Coders spend approximately 20% of their time running tests to make sure that their software works properly, but that doesn’t mean that technology is devoid of human error – in fact, basic coding problems crop up more often than not. This may sound like something that only affects the tech industry, but occasionally the problems extend further.

In 2014, the Heartbleed bug created panic when it was reported that a simple coding error could let hackers access computers. More recently, Wonga’s data breach affected 245,000 UK customers. This could have been prevented with better cyber security through eliminating errors in code.
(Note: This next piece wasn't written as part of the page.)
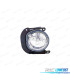 FARO DCH ANTINIEBLA PARA CITROEN NEMO 08- , FIAT FIORINO, QUBO Y PEUGEOT BIPPER 08-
This issue doesn’t stop there – recent data shows hacking attacks on UK businesses have cost investors £42 billion, with the UK targeted by dozens of serious cyber attacks each month. Software grows more complex, and more vulnerable, by the minute and we can’t rely on humans to analyse millions of lines of code. The more complexity we introduce, the harder it becomes for humans to test.

>See also: AI: the greatest threat in human history?

With technology becoming more complex, it’s now impossible for humans to keep software safe. As demonstrated by the Tesla autopilot car crash, human error is to blame more than “bad” AI. In this case, autopilot sensors failed to distinguish a white trailer against a bright sky, something we can now attribute to human error within the code.

So how can it be made better?

The way to fix this is through AI itself. AI can test software for us, replacing the human element. AI can do what humans have done for years – but better – and also learn along the way, fixing issues that would otherwise plague our software. This should lower the risk of cyber attacks, and also make software safer to use.

This capability already exists. DiffBlue, for example, have created AI that automates all traditional coding tasks: bug fixing, test writing, finding and fixing exploits, refactoring code, translating from one language to another, and creating original code to fit specifications. It should mean that increasingly complex software is comprehensively tested by other software, eliminating human error.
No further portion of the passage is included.